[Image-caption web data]

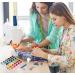 ilauke 36Pcs Bobbins Sewing Thread with Bobbin Case - Polyester Thread for Brother/Singer/Babylock/Janome Embroidery Machine - 36 Color Set - Buy Online on GoSupps.com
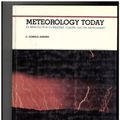 Cover Art for 9780314631473, Meteorology Today: An Introduction to Weather, Climate and Environment by C.Donald Ahrens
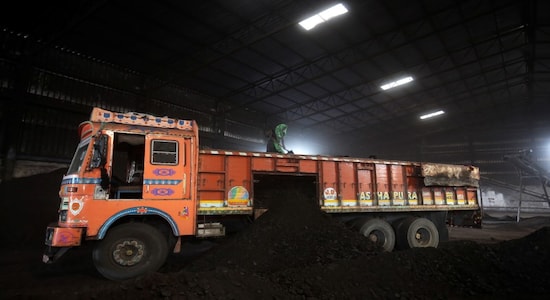 coal India, share price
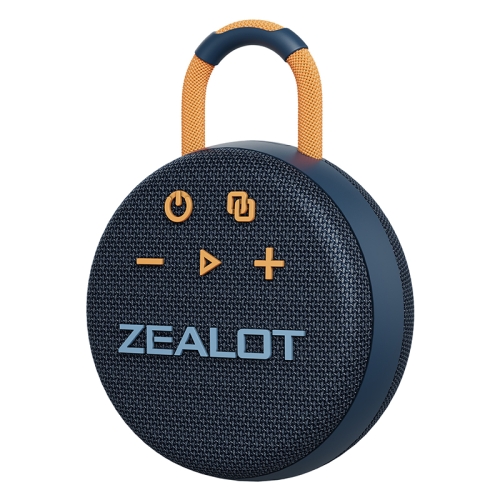 

Zealot S77 IPX7 Waterproof Portable Wireless Bluetooth Speaker(Blue)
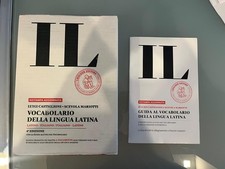 Vocabolario latino castiglioni usato  Milano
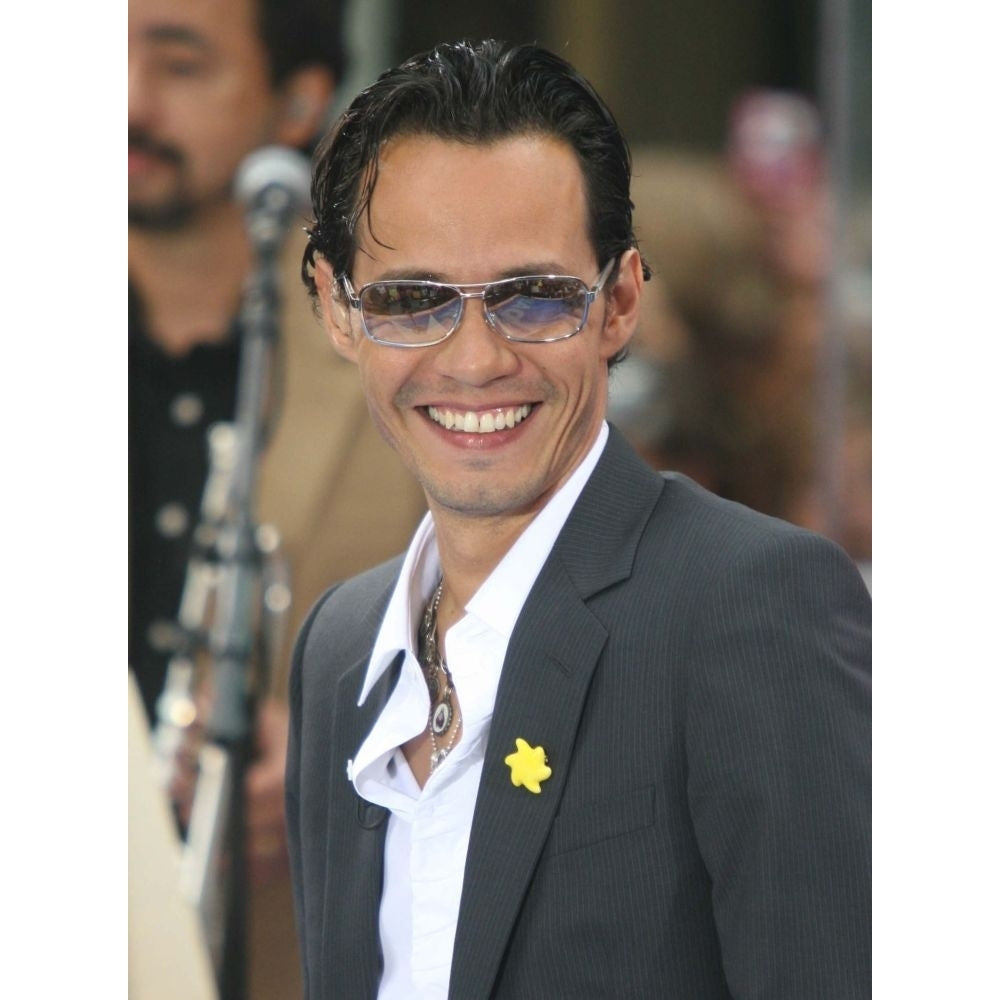 Marc Anthony 07-27-07 Photo By John Barrett Poster Print Image 1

Required action:
Down to the last line, return the entries above exactly, with no pictures.

Result for this exercise:
 ilauke 36Pcs Bobbins Sewing Thread with Bobbin Case - Polyester Thread for Brother/Singer/Babylock/Janome Embroidery Machine - 36 Color Set - Buy Online on GoSupps.com
 Cover Art for 9780314631473, Meteorology Today: An Introduction to Weather, Climate and Environment by C.Donald Ahrens
 coal India, share price

Zealot S77 IPX7 Waterproof Portable Wireless Bluetooth Speaker(Blue)
 Vocabolario latino castiglioni usato  Milano
 Marc Anthony 07-27-07 Photo By John Barrett Poster Print Image 1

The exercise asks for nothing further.